Lines outside the range are not wanted. Give again exactly the lines between the line holding "Casa à venda com 180m², 5 quartos e 3 vagas Casa" and the line holding "Công an làm", inclusive, from the listing below.

Excerpted data:
====

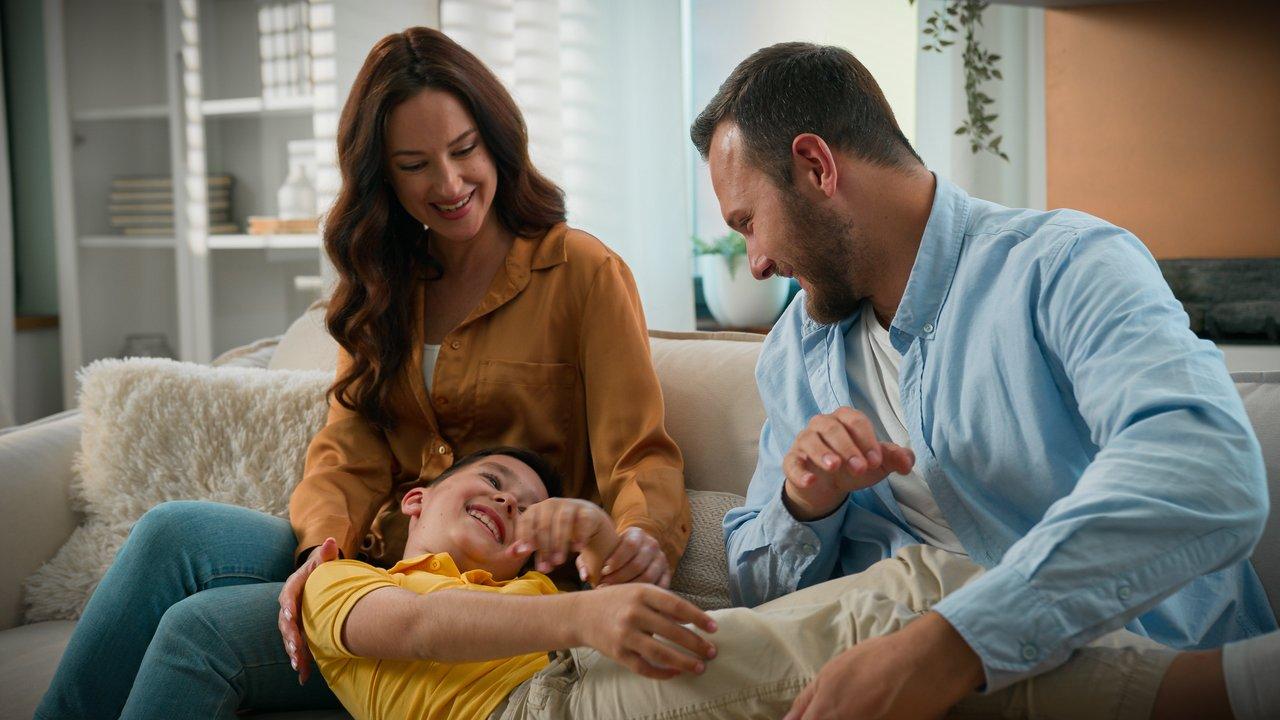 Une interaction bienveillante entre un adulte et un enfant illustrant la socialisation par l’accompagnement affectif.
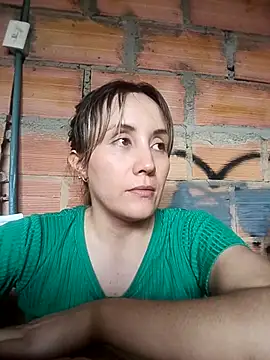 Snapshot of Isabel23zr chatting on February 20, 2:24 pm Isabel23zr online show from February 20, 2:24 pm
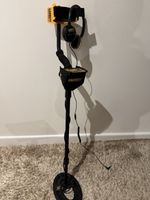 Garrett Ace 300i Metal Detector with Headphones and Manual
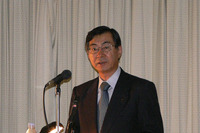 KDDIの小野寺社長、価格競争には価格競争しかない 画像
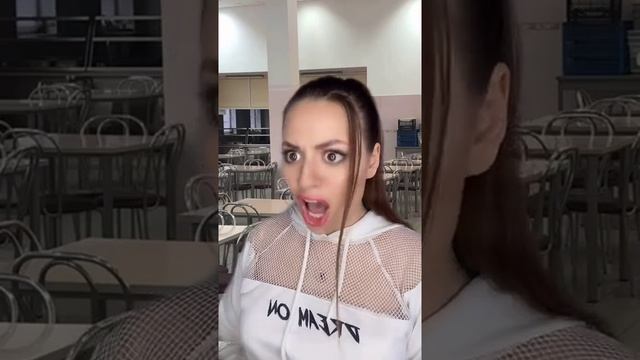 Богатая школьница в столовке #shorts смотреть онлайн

====

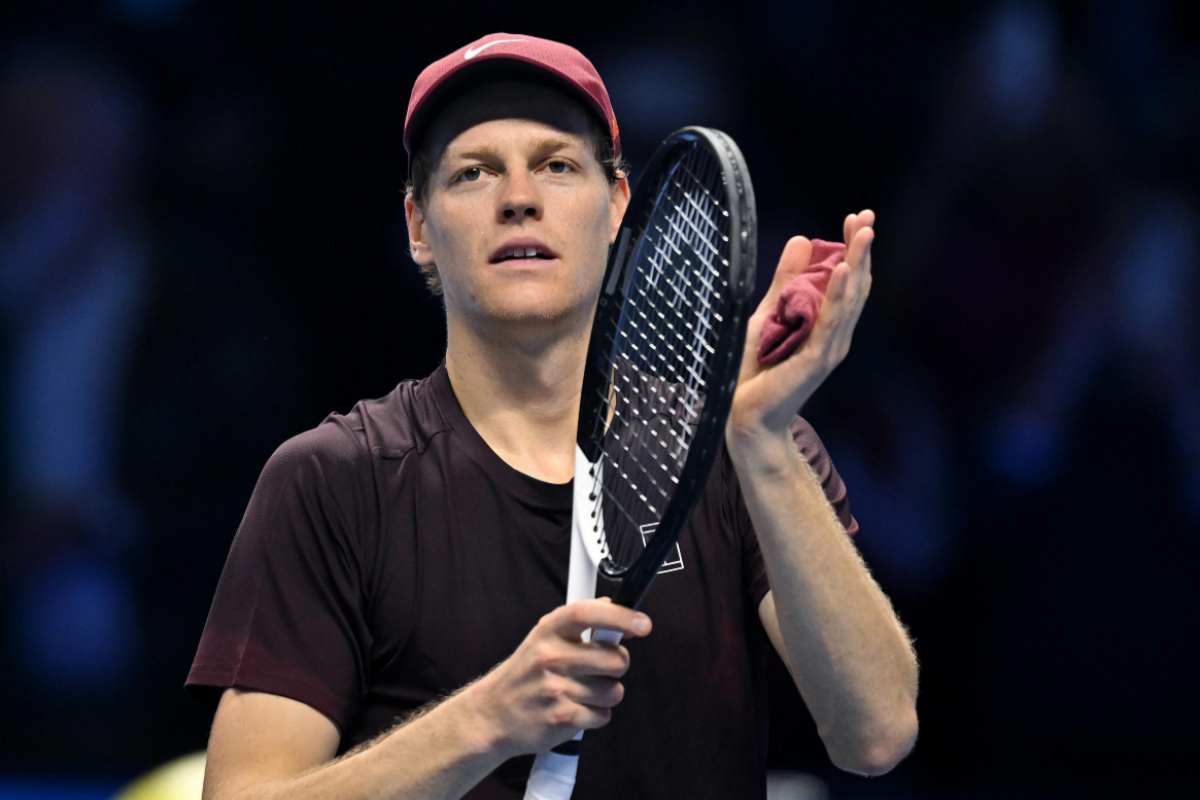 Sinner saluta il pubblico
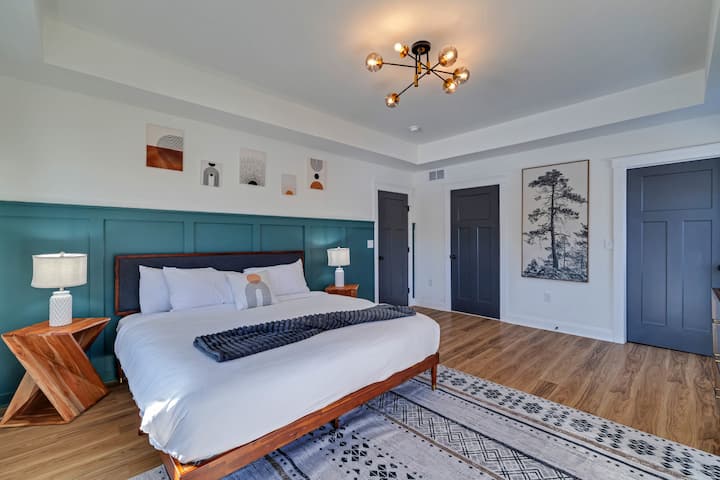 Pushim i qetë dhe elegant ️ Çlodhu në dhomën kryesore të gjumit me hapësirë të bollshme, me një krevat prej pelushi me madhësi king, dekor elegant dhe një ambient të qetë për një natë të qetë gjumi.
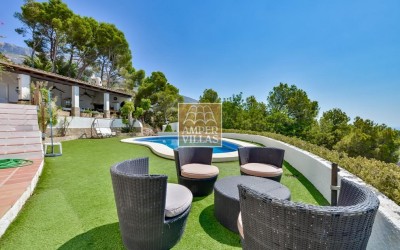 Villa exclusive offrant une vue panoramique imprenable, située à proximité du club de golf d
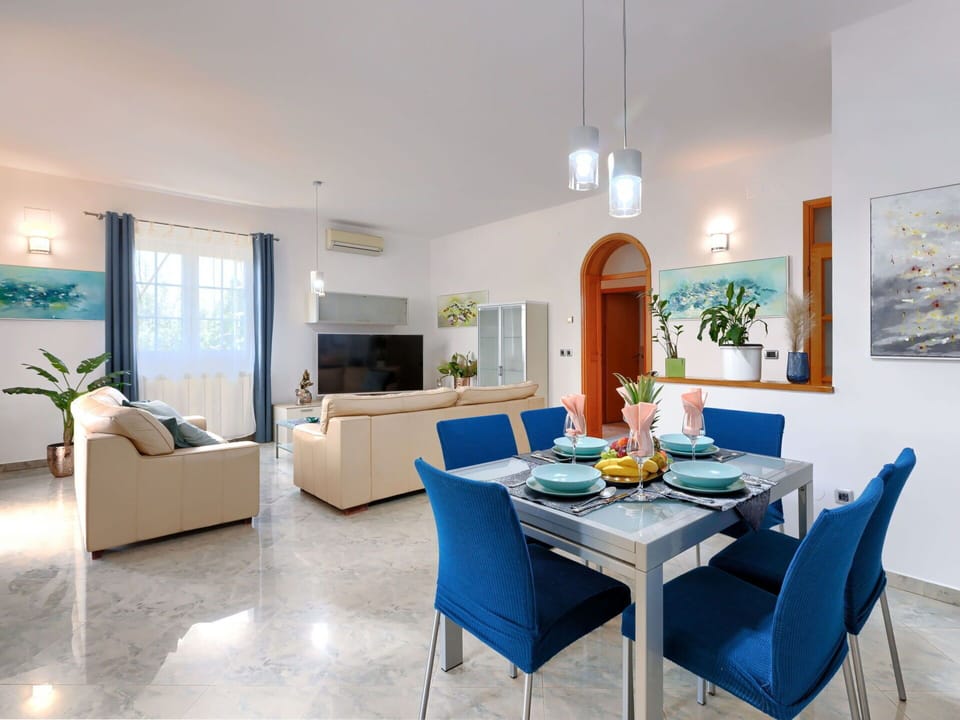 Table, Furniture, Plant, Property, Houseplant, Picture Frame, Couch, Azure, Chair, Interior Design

====

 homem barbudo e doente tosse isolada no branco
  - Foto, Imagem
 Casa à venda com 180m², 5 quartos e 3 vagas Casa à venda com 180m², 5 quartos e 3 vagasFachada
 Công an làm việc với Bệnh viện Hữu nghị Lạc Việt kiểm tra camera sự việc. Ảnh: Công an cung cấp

====

Finished exercise:
 Casa à venda com 180m², 5 quartos e 3 vagas Casa à venda com 180m², 5 quartos e 3 vagasFachada
 Công an làm việc với Bệnh viện Hữu nghị Lạc Việt kiểm tra camera sự việc. Ảnh: Công an cung cấp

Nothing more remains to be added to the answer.